Contrast lit mag cover, 2012

Letter from the Editor

This piece was originally published in Contrast, McDaniel College's student-run literary magazine, where I was editor in 2012. I was about to graduate, and this letter was something of a goodbye.

The image we used for the cover is a Photochrom print of drifting ice near Spitsbergen Island, Norway. Photochrom is a type of lithograph that was popular for a very short time around the dusk of the 19th century, around the time the Columbian Exposition in Chicago made technology sexy. According to the Library of Congress, the cover image was made sometime between 1890 and 1900. Photochrom was used largely on postcards, usually depicting sprawling landscapes, exotic flora, or majestic architecture—you know, predictable bullshit. This image, however, shows us very nearly nothing, just ice floating serenely in the water, imitating the clouds above. The picture is beautiful because it is in contrast.

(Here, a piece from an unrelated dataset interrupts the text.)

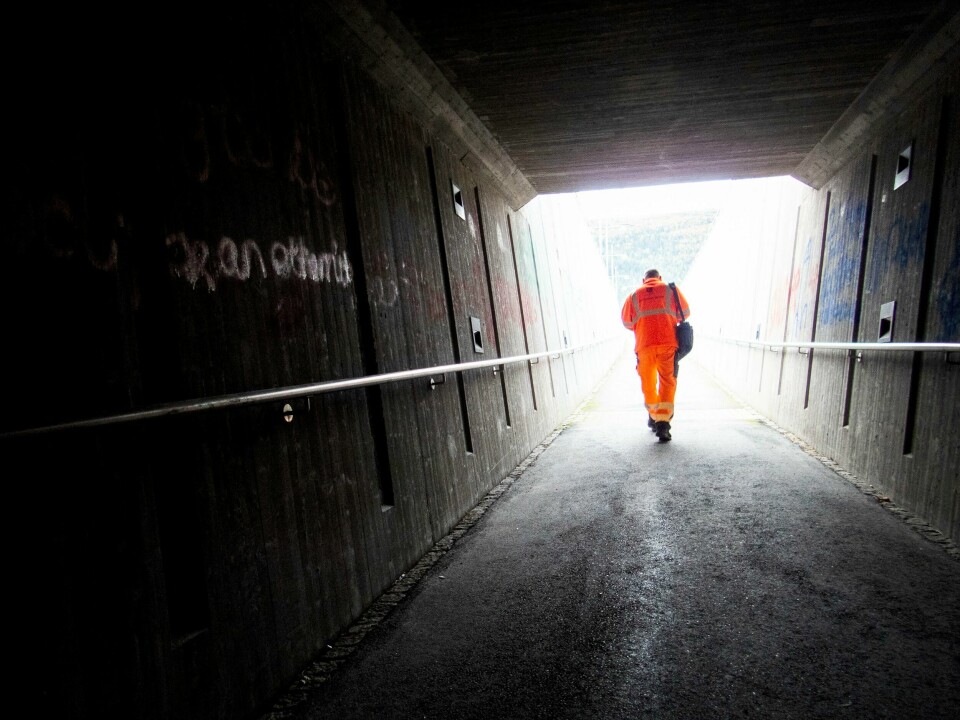 8 av 10 som i dag har en midlertidig ansettelse ønsker seg en fast ansettelse i stedet for en midlertidig. 8 av 10 som i dag har en midlertidig ansettelse ønsker seg en fast ansettelse i stedet for en midlertidig.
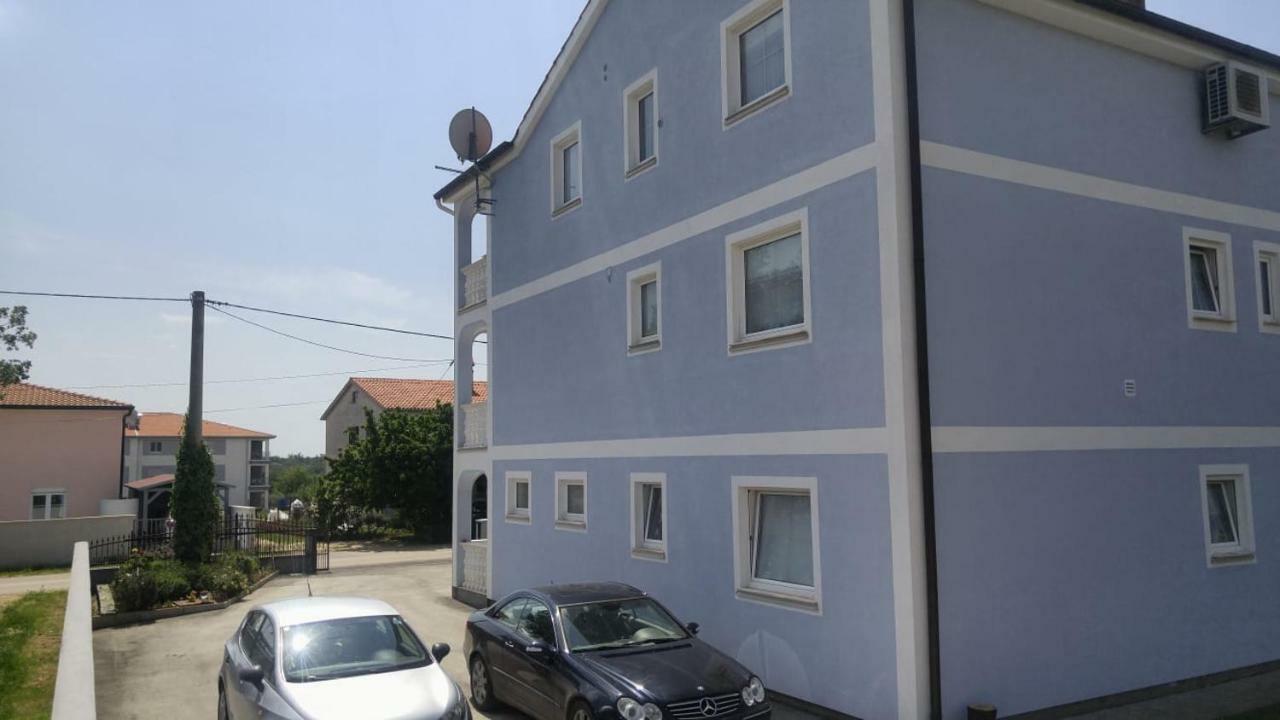 פורץ Apartman Janja מראה חיצוני תמונה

Contrast. Get it? I have been clever.

In the fall, we had a writing contest where all the entries had to start with "I remember" and end with "it was beautiful." I came up with the idea because I thought it would be fun to make people work around an extremely cheesy prompt, but as I consider the image of ice drifting in that Photochrom postcard, I can't help but conjure up a cheesy, sentimental thought or two of my own. That postcard was made well over a hundred years ago; anyone who bought on is long gone by now. But the image still exists. The memory is alive.

The contest yielded some of the best student writing I have seen in four years of workshops and readings. (Check out the winners in the back of this magazine.) These writers took a cheesy premise and made it hilarious, unsettling, engrossing, and wholly original. That's the kind of thing that will make me miss Contrast. It's not just this magazine. It's a creative community, a community I will be leaving upon graduation. But the magazine will take up permanent residence on my bookshelf. The memories will live on amid its pages.